IMPROVEMENTS OVER SENATE VERSION: The compromise improves many aspects of the version passed in the Senate, particularly bye expanding of “federal aid to an array of programs aimed at the poor and jobless, with billions of dollars for health care, unemployment insurance, food stamps and other programs.” The bill extends federal unemployment benefits to 20 weeks, “with an additional 13 weeks for jobless in states with particularly high unemployment,” and raises weekly payments by $25. After food stamp funding that passed the House was slashed in the Senate version, the compromise grants $20 billion in food stamp benefits. Nearly $46 billion will fund education and modernize schools, “considerably higher than the Senate’s $39 billion total but far less than the House’s $95 billion.” The bill also allocates $30 billion for smart grid technology, advanced batteries, and energy efficiency measures, along with $5 billion for home weatherization and $4.5 billion to make federal buildings more energy efficient — closer to the House version than the Senate’s. The new compromise also “drastically reduced” the Senate’s $15,000 tax credit for new home buyers, “placing income limits on who could benefit and reducing the overall cost from $35 billion to about $5 billion.” Krugman derided the tax credit as a “bonus to affluent people who flip their houses” and concluded that it would have “cost a lot of money while doing nothing to help the economy.” Even better, the compromise “all but eliminated” a big business giveaway that would have allowed money-losing companies to claim an estimated $67.5 billion in tax refunds this year and next — a tax cut with the least stimulative impact per dollar, according to the Congressional Budget Office.

PROBLEMS REMAIN: Though the bill is an improvement over the Senate version, it is too small and still includes non-stimulative tax breaks.
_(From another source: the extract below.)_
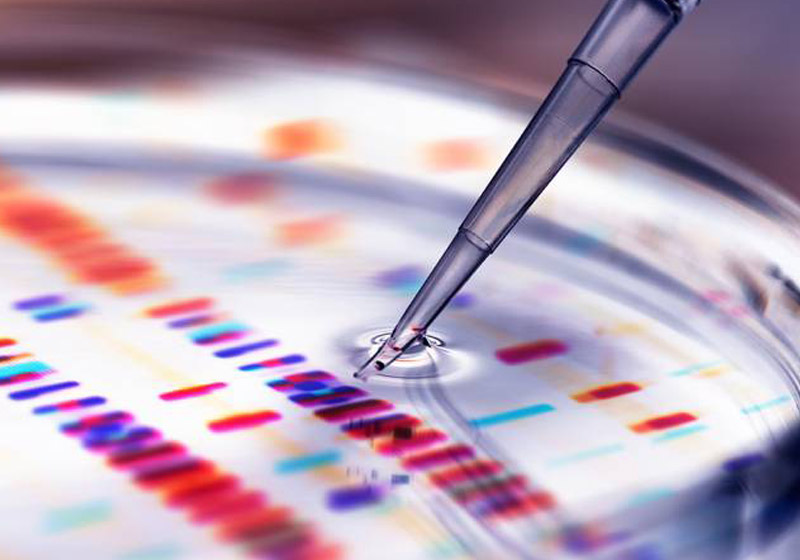 Foto: Andrew Brookes/Getty Images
The spending in the bill, the most stimulative component, fell from $604 billion as introduced in the House to $637 billion when later passed by the House, falling again to $545 billion in the Senate-passed version. The final compromise has only $513 billion in spending, with $276 billion in tax breaks. Some of these tax breaks, such as the credit for new home buyers, are particularly non-stimulative, the largest being the $70 billion tax break to spare millions of Americans from paying the alternative minimum tax. “Why is it in there? It has nothing to do with stimulus. It has nothing to do with recovery,” said Sen. Tom Harkin (D-IA). “I am not happy with it.” “You are not looking at a happy camper.” The compromise slashes aid to states to $44 billion, from the House’s $80 billion, though it’s an improvement over the $39 billion the Senate initially allocated. But with the massive budget shortfalls states are facing — California alone faces a nearly $40 billion budget gap over the next two years — the state aid will be unable to prevent severe cuts in state programs and will lead to cuts in jobs. Congressional Black Caucus leaders also objected to the elimination of $4.2 billion in neighborhood stabilization funding removed by the Senate and asked for funding to provide broadband Internet access to poor communities and to create more job training programs.